Chapter 5 - Uang

"Bang, apakah itu kamu?" Tanyaku penasaran. 

Jika sosok itu bukan bang Awan, lalu siapa? Tidak mungkinkan ada orang yang salah masuk kamar. Aku terus menghitung-hitung segala kemungkinan saja bisa terjadi. 

"Bang, kok ngak jawab sih? Jangan buat Aku takut dong." Ucapku lagi. 

Tapi sosok itu cuma berdehem sembari menutup kembali pintu kamarnya. Kini hanya ada rasa takut bercampur remangnya di ruangan tanpa cahaya ini untung saja masih ada sedikit cahaya dari balik jendela kaca di samping. Ya, Aku hanya bisa mengandalkan cahaya bulan di luar sana. Mungkin bisa dikatakan kebetulan, tapi lagi-lagi Aku masih dihantui beribu-ribu kebingungan. 

Astaga Aku baru teringat jika bang Awan memang akan memberiku kejutan. Aku yakin ini pasti kejutan! Kira-kira apa ya yang bakalan bang Awan persembahkan untukku? Sedikit rasa takut itu perlahan menghilang. Aku yakin saja kalau ini adalah kejutan! Bang Awan sengaja mematikan lampunya. 

Kini sosok tinggi itu perlahan mendekatiku, diapun ikut duduk di sampingku.

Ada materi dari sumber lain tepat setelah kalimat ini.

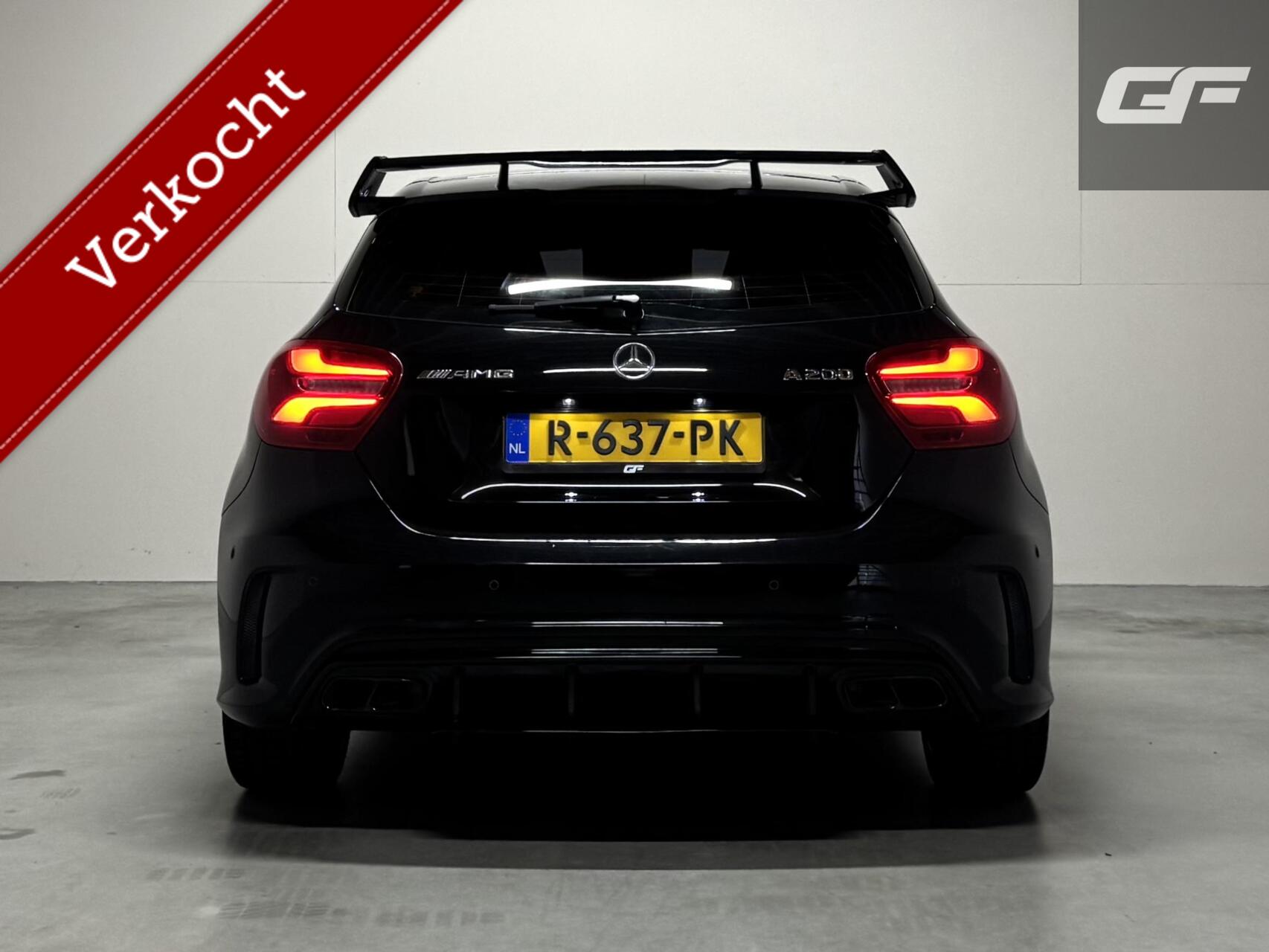 Foto van Mercedes-Benz A 200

"Bang, Abang bakalan ngasih kejutan apa sih buat Aku? Jangan bikin takut deh, ini ngak lucu sama sekali bang! Mana pakai acara matikan lampu lagi, kayak film horor saja!" Omel ku datar. 

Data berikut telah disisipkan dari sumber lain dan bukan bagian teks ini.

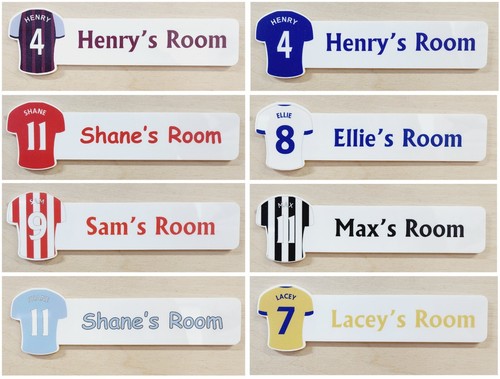 Personalised door sign for - door,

Dia tak juga menjawab, namun tiba-tiba saja dia langsung maju dan menindih tubuhku. Awalnya Aku ingin menolak tapi entahlah hangat tubuhnya yang kurasa menempel di tubuhku seakan menjadi enggan untukku menolaknya. Tak seperti biasanya dia seperti ini, Aku terus mengikuti keadaan. Tak berapa lama kemudian, dia langsung mengecup bibirku dengan sangat rakusnya sehingga membuatku kewalahan.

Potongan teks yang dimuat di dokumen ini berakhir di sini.